One study reveals that bad experiences with food, such as a dodgy curry that makes us sick for days, cause a change in the brain that means we never want to eat it again.
Researchers in the UK have been able to replicate the effect of a negative experience on eating behavior, using sugar-loving snails as models in the laboratory.
They used an “aversive workout,” which consisted of touching the screws on the head when sugar appeared, as a substitute for food poisoning in humans, while filming.
Aversive training triggered a switch to suppress appetite which meant the snails refused to feed on sugar, even with hunger.
Experts think something similar is happening, leading to a specific “persistent physiological change” of a certain food for the rest of our lives.

This tikka masala chicken sprinkled four years ago may make us never want to eat the dish, and researchers think they know why
“Indeed, a switch has been activated in the brain, which means that the snail no longer eats sugar when it is presented to it, because now the sugar suppresses instead of activating the food,” said the author of the study, Dr.
Snails like sugar and usually start feeding on it as soon as it is introduced to them, just like humans when they see sugary sweets in the kitchen.
“The screws provide us with a similar but exceptionally basic model of how human brains work,” said Professor George Kemenes, also of the University of Sussex.
“In our research, the negative experience the snail had with sugar could be compared to eating a bad curry to take away, which leaves us out of this dish in the future.”
Despite their primitive appearance and reputation, there is a snail brain that prevents them from eating too much.
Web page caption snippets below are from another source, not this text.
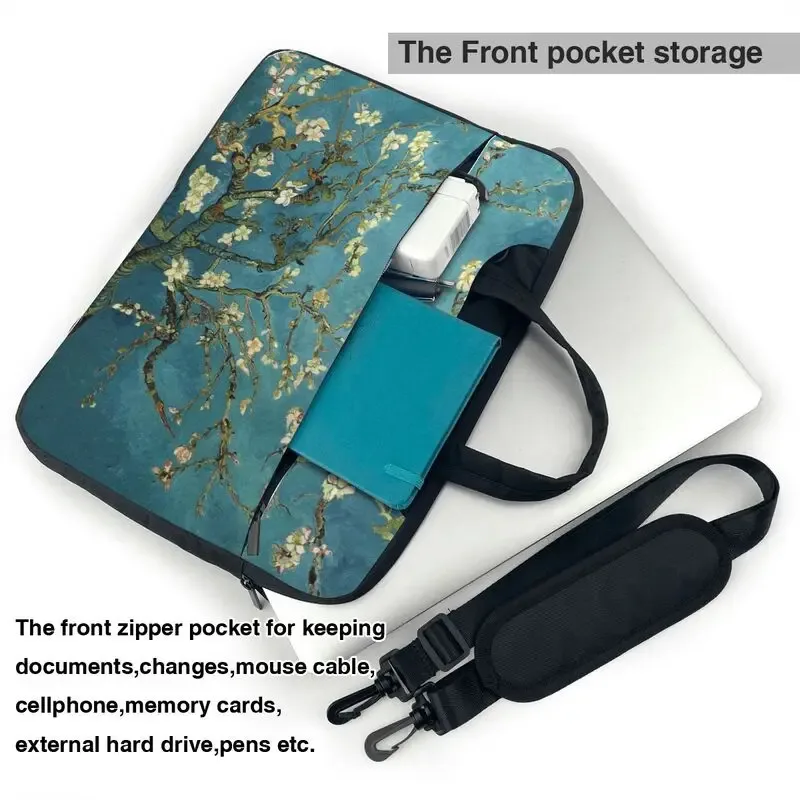 sac pour ordinateur portable vincent van gogh almond blossom, adapté aux ordinateurs portables de 13, 14 et 15,6 pouces, résistant à l'eau, avec poignée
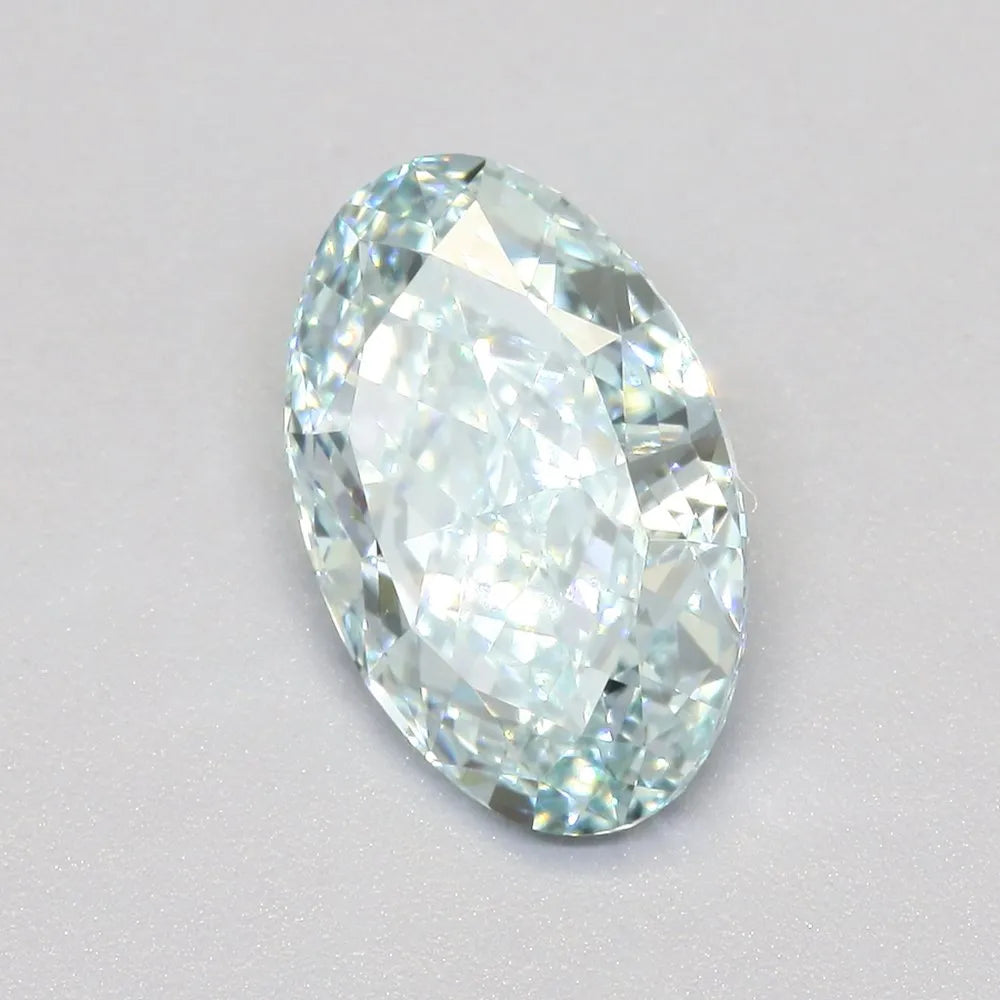 1.70ct Oval Lab Grown Diamond (Colour Fancy Intense Blueish Green, Clarity VVS1, IGI Certified)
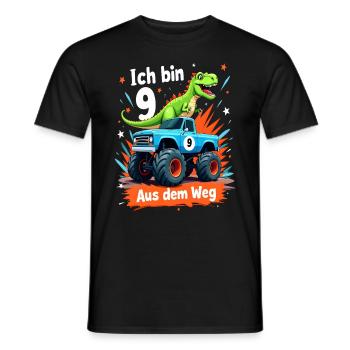 Dinosaur 9th Birthday Monster Truck - Men's T-Shirt - black - Front - AI Model Male 178 light (178cm)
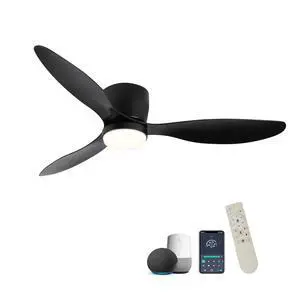 52" Smart Flush Mount black Ceiling Fans with Lights Remote,Quiet DC Motor,Outdoor Indoor Low Profile Ceiling Fan,Control with WIFI Alexa App,Dimmable,ABS blades,for Modern Bedroom Patio 52" Smart Flush Mount black Ceiling Fans with Lights Remote,Quiet DC Motor,Outdoor Indoor Low Profile Ceiling Fan,Control with WIFI Alexa App,Dimmable,ABS blades,for Modern Bedroom Patio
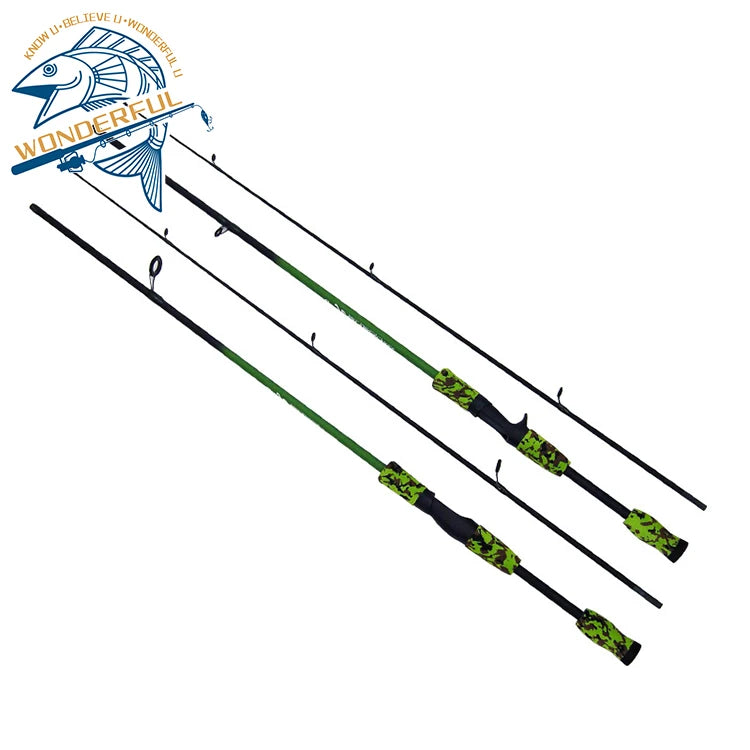 1.8m Green Camouflage Glass Fibre Spinning Casting Medium Action Sea Fishing Rod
One study reveals that bad experiences with food, like a splashed curry that makes us sick for days, cause a change in the brain that means we never want to eat it again.
This appetite suppressant switch (ASS) is controlled by a neuron, a highly excitable cell type that transmits information to parts of the body through electrical signals.
“There is a neuron in the snail’s brain that normally suppresses the feeding circuit,” Dr. Ildiko Kemenes said.
“This is important because the network is prone to activating spontaneously, even in the absence of food.”
“By suppressing the power circuit, you make sure the screw doesn’t just eat anything and everything.”
Researchers think something similar is happening to the human brain, which is believed to be a natural tactic to protect us from obesity (although some appetite suppressant switches are likely to work better than others).
Normally, when there is food, this neuron in the brain of the snails is inhibited so that feeding can begin.
After the aversive training of the hungry snails, the researchers found that this neuron reversed its electrical response to sugar and became excited instead of inhibiting it.
This increase in the activity of the excited neuron essentially caused the ASS, suppressing the appetite of the snails.
While important, this effect was only seen in sugar, which is why researchers have compared it to the lasting psychological effects of humans eating a specific food that makes them sick.

Researchers placed screws on Petri dishes and exposed them to sugar and “strong tactile stimuli in the head.”
When investigators presented the trained snails with a piece of cucumber, they found that the animal was still happy to eat it.
This showed that gentle head taps during aversive training were associated only with the particular type of food that was there at the time.
“We believe that in a human brain a similar change could occur in which particular groups of neurons reverse their activity in line with the negative association of a particular food,” said Professor George Kemenes. .
The research also revealed that when the neuron was completely removed from the trained snails, they ate sugar again.
“This suggests that the neuron is necessary for the expression of learned behavior and to alter the response to sugar,” said Dr. Ildiko Kemenes.
“However, we can’t rule out that the sugar-activated sensory pathway is also undergoing some changes, so we don’t make the assumption that this is all that’s going on in the brain.”
The study has been published in Current Biology.